Cumartesi, Eylül 13, 2014

ABD Tatili Gezi Notları 10 - Sekizinci Gün (San Fransisco - Los Angeles)

21 Nisan 2014 - Pazartesi

Ertesi gün sabah 08:40'ta kalkacak Hawaiian Airlines'ın HA1 numaralı Los Angeles - Honolulu uçuşuna yetişmek için iki alternatifimiz var idi. Ya akşam saatlerine kadar San Francisco ve çevresinde takılacak ve akşam 20:00 gibi yola çıkacaktık, ya da erkenden gidip Los Angeles'ta sabahlayacaktık. Birinci seçenek iyi görünmekle beraber iki büyük riski de taşıyordu; bir haftadır sürekli az uyku, bol gezme ve çokça direksiyon sallamanın getirdiği yorgunlukla gece yolculuğunun getireceği risk ve 6-7 saat süreceği planlanan yolun uzaması ile Honolulu uçuşunun kaçması riski. Dolayısıyla, hiç riske girmeden ikinci seçeneği seçip, saat 14:00 gibi San Francisco'dan ayrılarak 5 numaralı karayolu üzerinden Los Angeles'a yol almayı planladık.

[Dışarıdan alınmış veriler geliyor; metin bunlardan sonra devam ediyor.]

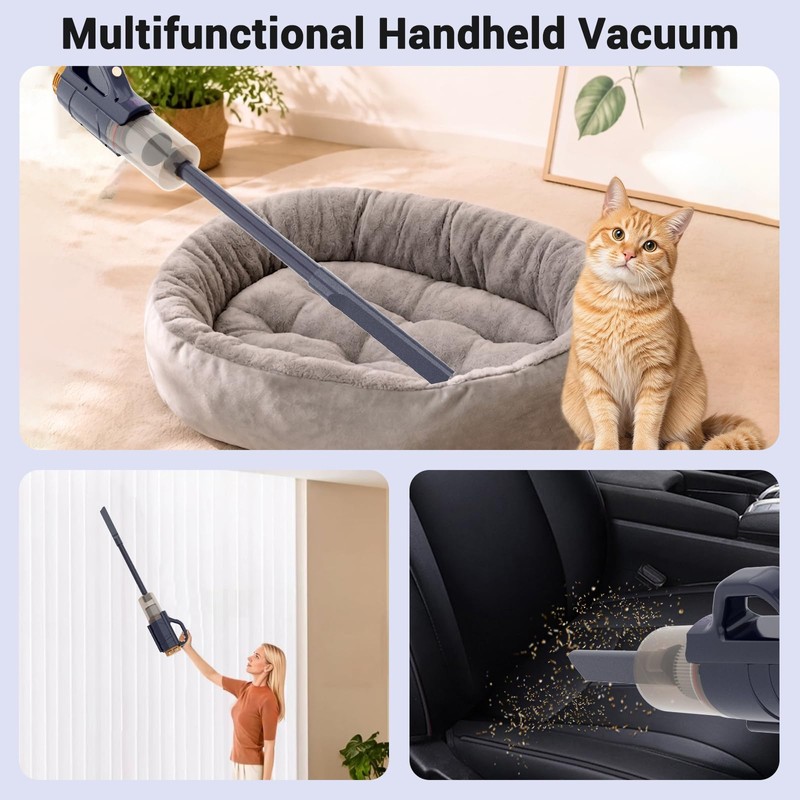 Cordless Vacuum & Blower, Handheld Stick Vacuum with Accessories Tools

Planımıza göre saat 14 gibi çıktığımızda, gezerek ve bolca dinlenerek 11 gibi Los Angeles'ta olacak, kiralık aracımızı teslim ettikten sonra havaalanına geçerek orada sabahlayacaktık.

Tekrar etmekte fayda var, bu kadar yoğun bir program ile gezi planladıysanız ve araç kullanmak durumundaysanız, işler planladığınız kadar kolay olmuyor. Haritalarda 5 saat olarak görünen yollar, 7-8 saat bile olabiliyor. Bu nedenle, planlama aşamasında kendinizi dinlendirecek fırsatları mutlaka düşünmelisiniz.


Pazartesi günü sabah 9 gibi otelden çıkıp, kahvaltı dahi yapmadan otobüsteki yerimizi aldık. Tur otobüslerinin iyi tarafı kısa sürede çokça yer görmenizi sağlıyor ve ücrete dahil rehberlik hizmeti de veriyor. En büyük handikapı ise hava durumu oluyor. Üstü açık olan bu otobüsler, güneşli havalarda da, soğuk havalarda da bir süre sonra çekilmez olabiliyor. Hele ki, Nisan ayında ve San Francisco'da iseniz. Güneş çıktığında soyunup, bulutlandığında hemen soğuyan hava ile tekrar giyinmek yorucu ve bolca eşya taşımanızı gerektiriyor. Bu nedenle, hem içeceklerinizi, hem de havaya uygun kıyafetlerinizi yanınızda taşımanız önemli. 

Otobüs güzergahına uygun olarak, şehir merkezinde inerek, yüksek binaların arasında dolaşmak, bir miktar hediyelik eşya bakmak ve kahvaltı yapmak için zaman tükettik. San Francisco'ya kendine has manzarayı sağlayan yüksek binaların varlığı, neredeyse dakika başı 1906 ve 1989 büyük depremlerini hatırlatan, büyük büyük annelerinden dinledikleri deprem anılarını bize aktaran rehberleri dinledikçe şaşırtıcı oldu elbette. Meraklısına not: San Andreas fay hattının tam üzerine kurulu olan San Francisco'daki 1906 depremi 3000'e yakın kişinin ölümüne sebep olmuş ve arkasında büyük yangınların da etkisi ile neredeyse bir harabe bırakmıştır. Yaşıtlarımın da hatırlayacağı 1989 depremi de, en az 1906 depremi kadar büyük olmasına karşın, 50 kadar kişiyi almış. Depremlerden ders alabilen ve insan hayatına değer veren toplumlar ile aramızdaki fark bu işte.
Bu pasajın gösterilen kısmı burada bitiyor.